### WORK TO BE COMPLETED
Within the data below, count the lines that include the word "living". Provide the number and nothing further.

--- DATASET ENTRIES ---

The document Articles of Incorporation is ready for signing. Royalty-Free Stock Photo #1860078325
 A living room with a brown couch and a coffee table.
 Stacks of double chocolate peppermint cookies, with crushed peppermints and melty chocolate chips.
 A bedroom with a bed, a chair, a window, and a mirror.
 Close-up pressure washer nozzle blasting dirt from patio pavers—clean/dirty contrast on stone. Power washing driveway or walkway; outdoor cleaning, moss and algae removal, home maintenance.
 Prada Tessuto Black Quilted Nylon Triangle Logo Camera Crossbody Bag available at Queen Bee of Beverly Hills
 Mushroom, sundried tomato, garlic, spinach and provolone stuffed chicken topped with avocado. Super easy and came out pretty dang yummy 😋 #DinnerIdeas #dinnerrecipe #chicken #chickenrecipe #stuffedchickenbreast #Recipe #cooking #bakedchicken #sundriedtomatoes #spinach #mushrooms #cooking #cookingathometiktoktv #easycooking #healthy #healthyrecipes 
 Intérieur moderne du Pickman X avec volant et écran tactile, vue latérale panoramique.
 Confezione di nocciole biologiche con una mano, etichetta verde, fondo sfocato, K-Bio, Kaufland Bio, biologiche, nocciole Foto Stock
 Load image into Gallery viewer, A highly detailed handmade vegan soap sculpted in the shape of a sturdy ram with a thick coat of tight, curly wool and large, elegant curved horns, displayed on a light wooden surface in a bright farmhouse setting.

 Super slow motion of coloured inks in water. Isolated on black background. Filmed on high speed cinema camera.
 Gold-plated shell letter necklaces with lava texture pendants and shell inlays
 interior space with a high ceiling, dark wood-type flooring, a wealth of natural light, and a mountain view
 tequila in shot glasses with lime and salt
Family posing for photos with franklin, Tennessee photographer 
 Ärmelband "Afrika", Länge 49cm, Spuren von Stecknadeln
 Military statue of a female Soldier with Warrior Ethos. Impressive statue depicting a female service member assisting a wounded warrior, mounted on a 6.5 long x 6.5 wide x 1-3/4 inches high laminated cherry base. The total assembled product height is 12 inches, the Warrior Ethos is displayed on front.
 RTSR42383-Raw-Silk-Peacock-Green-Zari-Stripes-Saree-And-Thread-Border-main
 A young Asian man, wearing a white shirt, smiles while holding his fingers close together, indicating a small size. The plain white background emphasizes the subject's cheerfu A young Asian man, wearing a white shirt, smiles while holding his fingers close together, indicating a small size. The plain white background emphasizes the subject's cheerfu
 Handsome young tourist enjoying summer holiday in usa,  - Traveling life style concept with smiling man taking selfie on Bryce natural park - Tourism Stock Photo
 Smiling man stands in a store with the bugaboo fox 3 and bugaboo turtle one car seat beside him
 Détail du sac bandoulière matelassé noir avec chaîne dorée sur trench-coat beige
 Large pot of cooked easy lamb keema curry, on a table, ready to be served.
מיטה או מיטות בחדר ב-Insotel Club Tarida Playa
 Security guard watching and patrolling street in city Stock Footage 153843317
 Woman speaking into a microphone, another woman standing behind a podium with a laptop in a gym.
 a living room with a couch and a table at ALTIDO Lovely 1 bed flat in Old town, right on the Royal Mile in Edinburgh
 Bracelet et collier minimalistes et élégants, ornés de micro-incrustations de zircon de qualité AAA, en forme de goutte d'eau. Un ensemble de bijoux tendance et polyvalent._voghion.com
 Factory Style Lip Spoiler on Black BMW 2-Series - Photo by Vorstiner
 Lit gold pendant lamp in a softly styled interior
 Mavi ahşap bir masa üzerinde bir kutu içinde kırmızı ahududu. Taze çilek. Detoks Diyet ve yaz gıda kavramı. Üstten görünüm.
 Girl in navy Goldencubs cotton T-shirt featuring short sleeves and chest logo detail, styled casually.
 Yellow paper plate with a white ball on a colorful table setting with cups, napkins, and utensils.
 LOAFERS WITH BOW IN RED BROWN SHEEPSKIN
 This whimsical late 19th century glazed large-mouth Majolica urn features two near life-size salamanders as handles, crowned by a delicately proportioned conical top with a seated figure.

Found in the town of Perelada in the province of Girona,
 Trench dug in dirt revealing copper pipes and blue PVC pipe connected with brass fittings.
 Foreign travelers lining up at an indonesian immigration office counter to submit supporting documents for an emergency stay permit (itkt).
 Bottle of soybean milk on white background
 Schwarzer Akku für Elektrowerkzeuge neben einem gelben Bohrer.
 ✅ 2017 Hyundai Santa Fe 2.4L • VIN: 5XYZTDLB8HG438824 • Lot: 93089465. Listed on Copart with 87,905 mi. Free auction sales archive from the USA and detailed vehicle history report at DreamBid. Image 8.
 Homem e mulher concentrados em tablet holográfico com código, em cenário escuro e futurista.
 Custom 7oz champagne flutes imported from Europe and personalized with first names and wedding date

---

### OUTPUT OF THE EXERCISE
2